Global Journal of Biology, Agriculture & Health Sciences

Seed Dormancy: Environmental Factors, Hormonal Regulation, and Techniques for Breaking Dormancy

Makoto Torada^* Department of Agriculture, Kagawa University, Kagawa, Japan
^*Correspondence: Makoto Torada, Department of Agriculture, Kagawa University, Kagawa, Japan, Email:

Received: 23-Oct-2024, Manuscript No. GJBAHS-24-27248; Editor assigned: 25-Oct-2024, Pre QC No. GJBAHS-24-27248 (PQ); Reviewed: 08-Nov-2024, QC No. GJBAHS-24-27248; Revised: 13-Oct-2025, Manuscript No. GJBAHS-24-27248 (R); Published: 20-Oct-2025, DOI: 10.35248/2319-5584.25.14.280

Description

Seeds are the main parts of the plant life cycle because they are the basis for the formation of the new generation of plants. Seeds are not only a staple food for human consumption, but also for animals and contribute significantly to calorie intake. The main reason for this situation is the need for a period of rest before growth. These conditions can vary from days to months and years. These conditions are a combination of light, water, heat, air, seed coat and hormonal structures. Seed dormancy is a condition in which a seed cannot germinate even under ideal conditions (Merriam-Webster). Since dormancy can be broken with optimal growing conditions (different and specific for each species), the seeds will grow as they grow. Dormant species have grown to be dormant because they are good for life. Plants use dormancy so that the seed can withstand adverse conditions, not to grow all at once, and not to die from bad weather (Seed dormancy). While it may increase the plant's survival in the wild, it can prevent the seeds from growing as evenly as possible, making them suitable for wild flower seed farms.

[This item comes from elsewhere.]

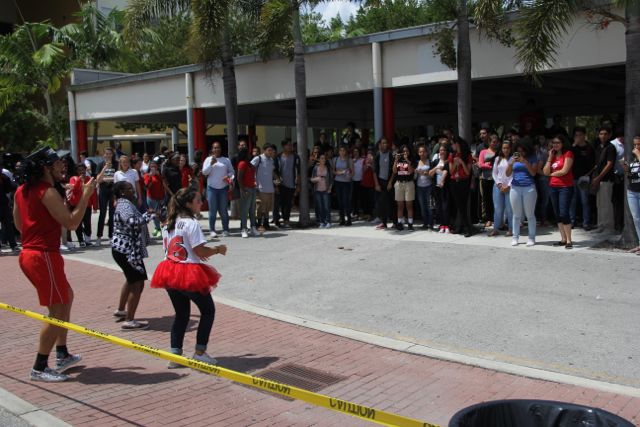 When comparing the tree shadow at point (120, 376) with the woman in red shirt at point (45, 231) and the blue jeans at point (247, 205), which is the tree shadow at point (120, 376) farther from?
Answer: the blue jeans at point (247, 205)

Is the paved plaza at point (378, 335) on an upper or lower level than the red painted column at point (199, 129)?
lower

Importance of seed dormancy

• Aim to save seeds for use by animals and humans.
• It helps to spread the seeds in bad areas.
• Dormancy caused by inhibition in the seed coat is very beneficial for desert plants.
• Allow the seeds to remain in suspended animation under cold, high summer, or even under drought conditions without injury.
• Dormancy helps the seeds survive in the soil for many years, providing a source of new growth, even when all the mature plants in the area have been killed by disasters.

Techniques for breaking a dormant seed

Several methods for breaking a dormant seed are mentioned below:

Breaking a dormant seed: The state of sleep ends at when the embryo receives a suitable environment such as humidity and temperature. The seed coat, which can be found in many species, deteriorates due to the breakdown of its filter function by environmental factors such as microorganisms, heat and the wear and tear of the digestive system of birds and animals. eating these seeds. Other natural methods:

• Completion of ripening period.
• Cleaning of obstructions in the seed coat.
• Clearing blockages by providing cold, heat and light.
• Cleans excess and excess salt from seeds.
• The production of growth hormones can eliminate the effect of inhibitors.

Some artificial methods to break seed dormancy are listed below:

• Hot water treatment to remove waxes, surfactants, etc. or threshing machines.
• Exposure to heat, cold or light, depending on the type of seed dormancy.
• Applying hydraulic pressure for 5 to 20 minutes to loosen hard seed layers.
• The seed shell is treated with concentrated sulfuric acid to remove all traces of mineral acid.

There are two types of scarification: External and terminal (Scarification). External dormancy results from external conditions of the seed embryo. An example of external dormancy is when the seed coat is too long for moisture to enter, preventing growth. Endogenous dormancy results from chemical changes in the seed embryo. One of the reasons why a plant cannot grow is because it is dormant, the fact that the embryo has not yet fully formed and there are no signs of seasonality (Endogenous dormancy). Germination can also be inhibited due to endogenous chemical inhibition.

Seed dormancy can be defined as the failure of a viable seed to germinate under optimal conditions. Preparation for seed dormancy involves several plant hormones (ABA, GA and ethylene), environmental factors and signalling molecules (NO and ROS). ABA abundance and signalling are involved in the seed dormancy process during seed development, as stressors also occur to regulate dormancy depth.

Therefore, seed germination and dormancy are regulated by growth hormone/ROS metabolism interactions, and antioxidant-related mechanisms appear to directly regulate ROS accumulation in the both process.